WORK INSTRUCTION:
Below are some records; copy them word for word and drop the pictures.

━━━━━ INPUT FOR THIS TASK

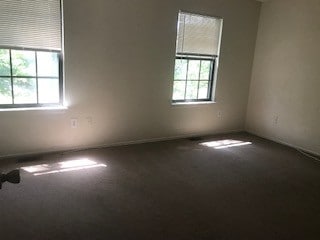 bedroom - 35 Greenwich Dr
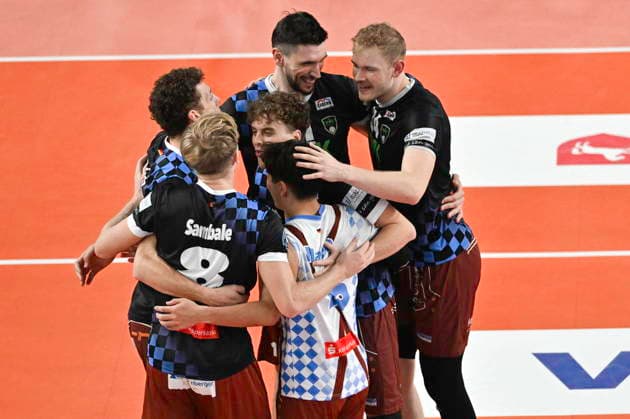 GER 1 VBL, SVG Lueneburg vs WWK Volleys Herrsching 06 12 2025, LKH Arena, Lueneburg, GER 1 VBL, SVG Lueneburg vs WWK Volleys Herrsching in the picture the team from Herrsching cheers nordphotoxGmbH xWitke nph00002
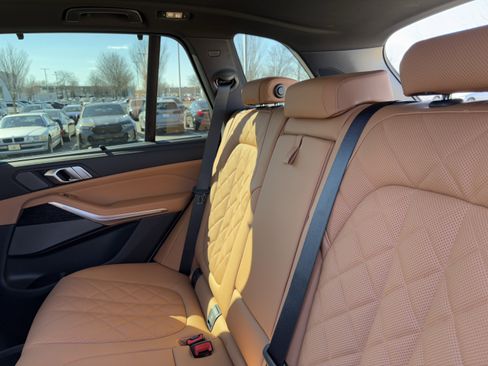 Used 2026 BMW X5 xDrive50e w/ M Sport Package image 34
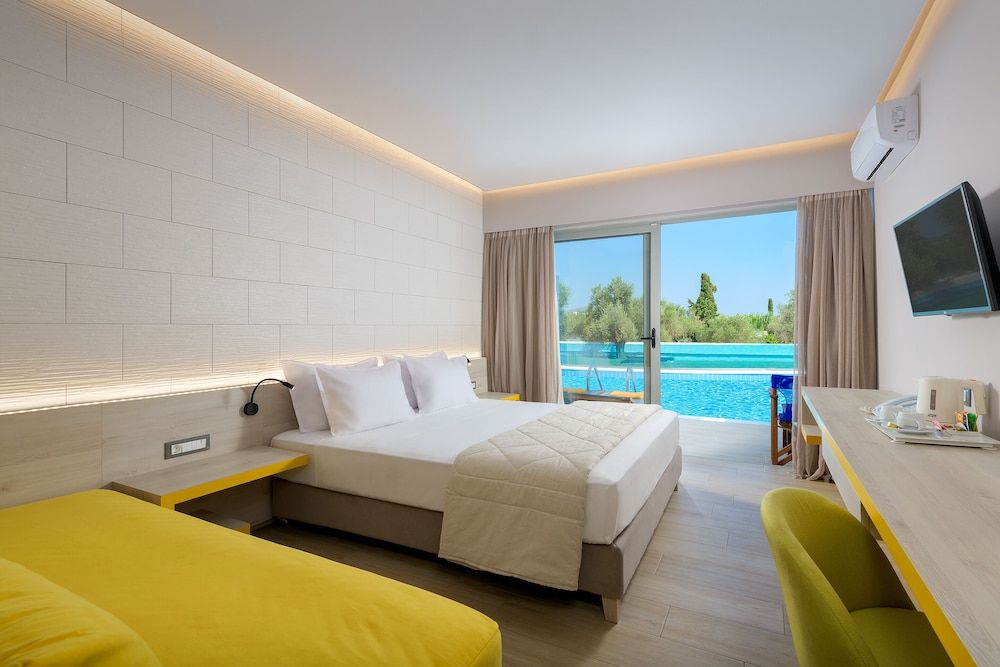 Deluxe Double Room (with Sharing Pool)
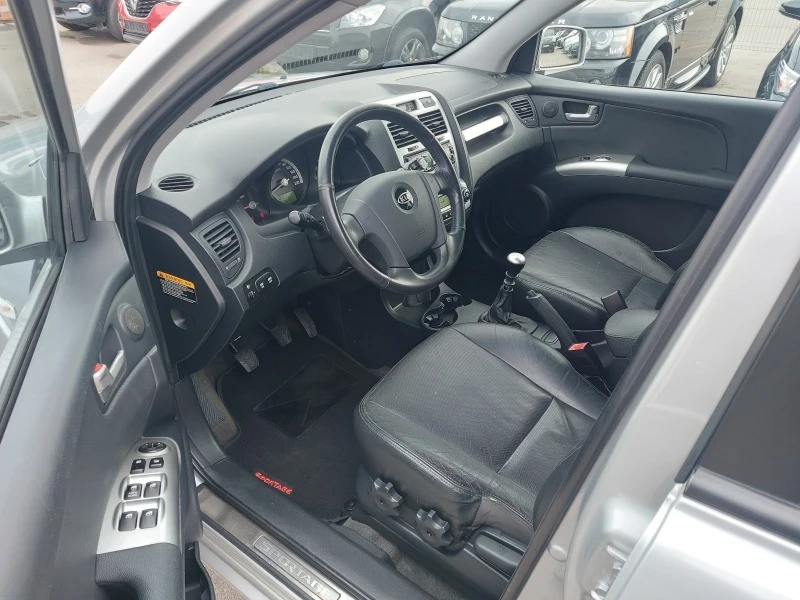 Kia Sportage 2.0 CRDI, 4х4, ИТАЛИЯ, снимка 7 - Автомобили и джипове - 40323782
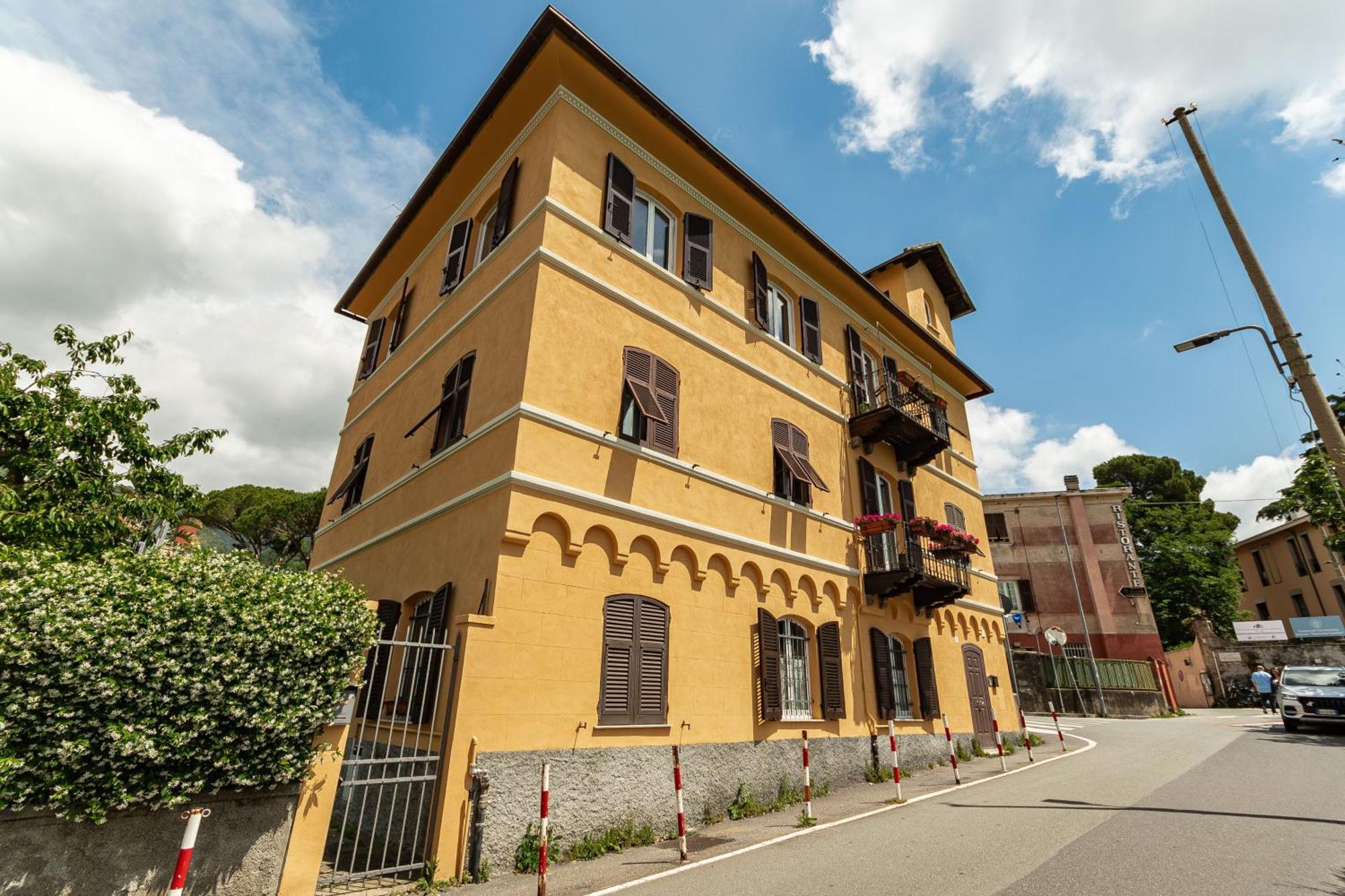 Spacious 3-Bedroom Apartment - 10 Min To City Center & 5 Min To Gaslini Hospital Genua Exteriör bild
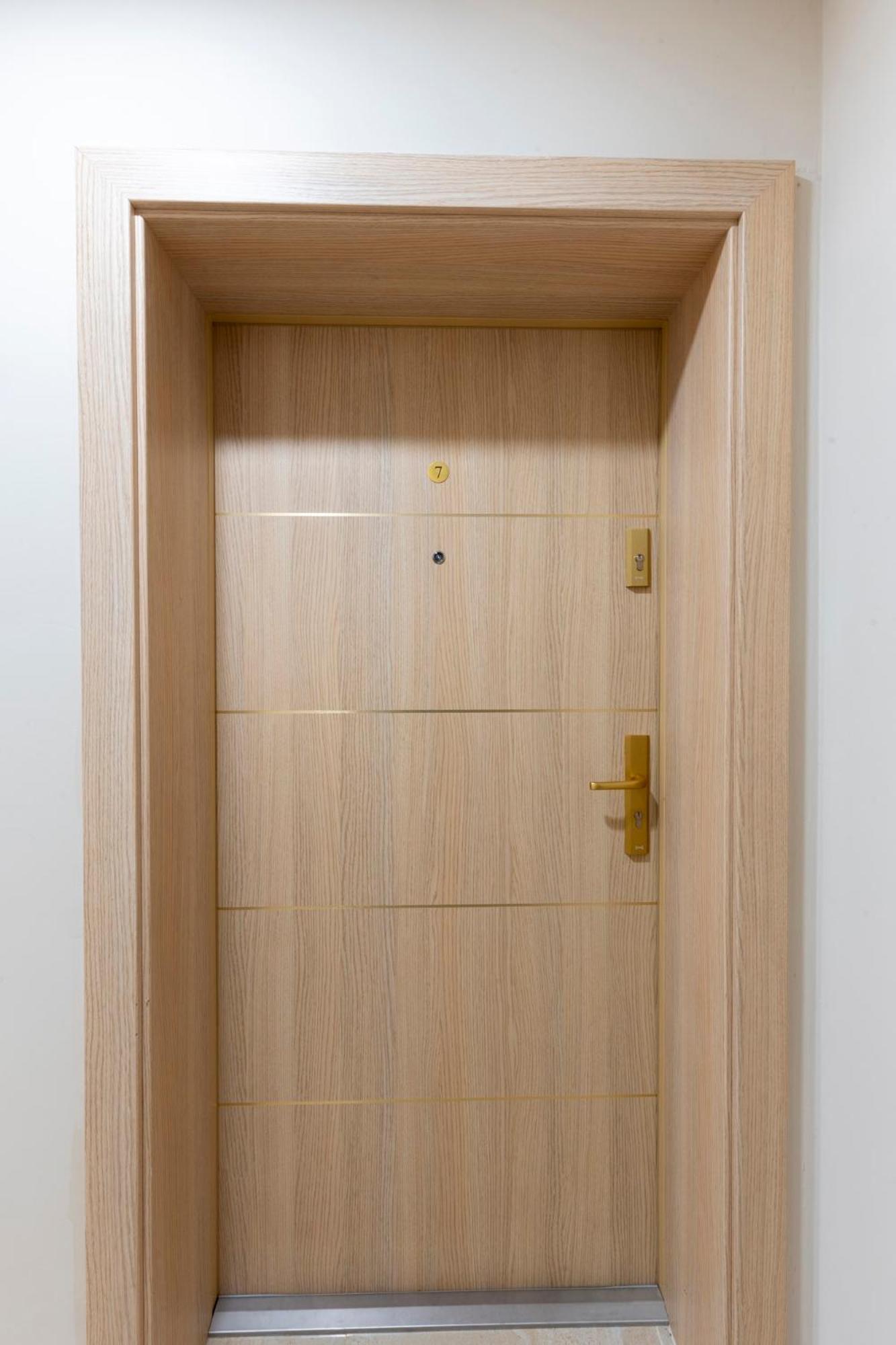 Bissera Premium Apartments Sofia Esterno foto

━━━━━━━━━━

TASK RESPONSE:
 bedroom - 35 Greenwich Dr
 GER 1 VBL, SVG Lueneburg vs WWK Volleys Herrsching 06 12 2025, LKH Arena, Lueneburg, GER 1 VBL, SVG Lueneburg vs WWK Volleys Herrsching in the picture the team from Herrsching cheers nordphotoxGmbH xWitke nph00002
 Used 2026 BMW X5 xDrive50e w/ M Sport Package image 34
 Deluxe Double Room (with Sharing Pool)
 Kia Sportage 2.0 CRDI, 4х4, ИТАЛИЯ, снимка 7 - Автомобили и джипове - 40323782
 Spacious 3-Bedroom Apartment - 10 Min To City Center & 5 Min To Gaslini Hospital Genua Exteriör bild
 Bissera Premium Apartments Sofia Esterno foto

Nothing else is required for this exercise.